BEIRUT: Saudi Arabian Military Industries (SAMI) is planning to invest up to $1.8 billion (SR7 billion) during the coming period, in strategic partnerships, projects, and certain acquisitions, CEO Walid Abukhaled told Asharq News in an interview on the sidelines of the Future Investment Initiative (FFI) summit.
SAMI is also aiming at localizing over 50 percent of government military purchases by 2030, in line with the government’s goal for the Kingdom to be self-sufficient.
Achieving the 50 percent target by 2030 is challenging, especially as the company started with around 3 percent of government purchases when SAMI was set up in 2017, but the CEO is confident he can achieve it. “I’m shooting for a minimum of 60 percent, maybe more,” he told Arab News in an interview earlier this month.

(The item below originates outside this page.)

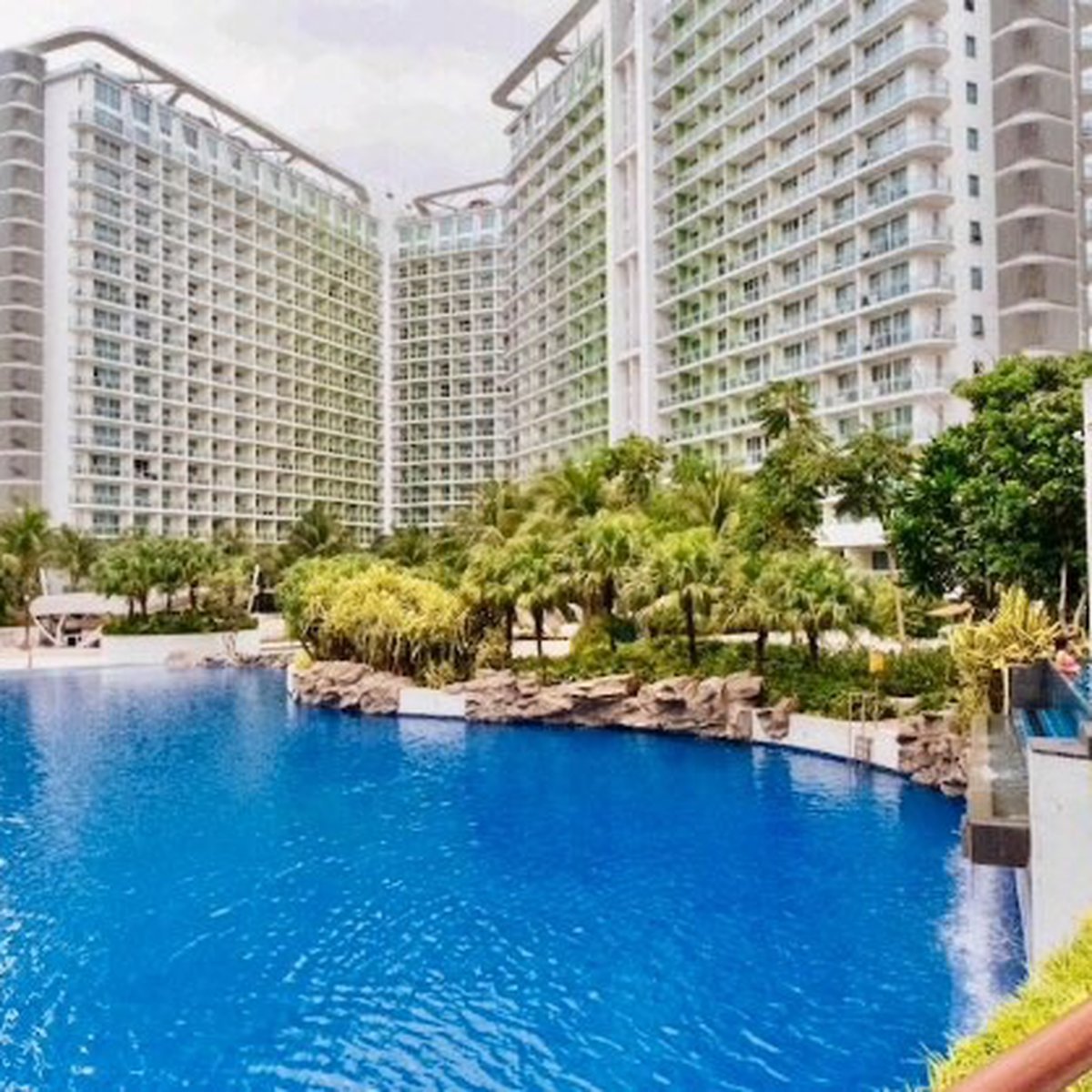 2 Bedroom Unit for Rent in Azure Urban Resort Residences Paranaque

His ambitious goal received a significant boost recently when SAMI acquired the Advanced Electronics Co. (AEC), buying out the 50 percent stake held by British defense giant BAE Systems.
SAMI is aiming to be ranked among the top 25 defense companies in the world by 2030, and the acquisition of AEC has given it a big push in that direction, taking many years off the timescale toward that goal.
SAMI does not enter into partnerships and projects only for profit, and the main goal is to share knowledge and transfer technology, said Abukhaled, adding that the company has a budget for research and investment in Saudi Arabia.
Abukhaled told Asharq the company already has partnerships with many international companies around the world, including Lockheed Martin, Northrop Grumman, and French company Thales.
Saudi Arabia is the world’s third-biggest defense spender and until recently it imported virtually all of its military equipment from abroad.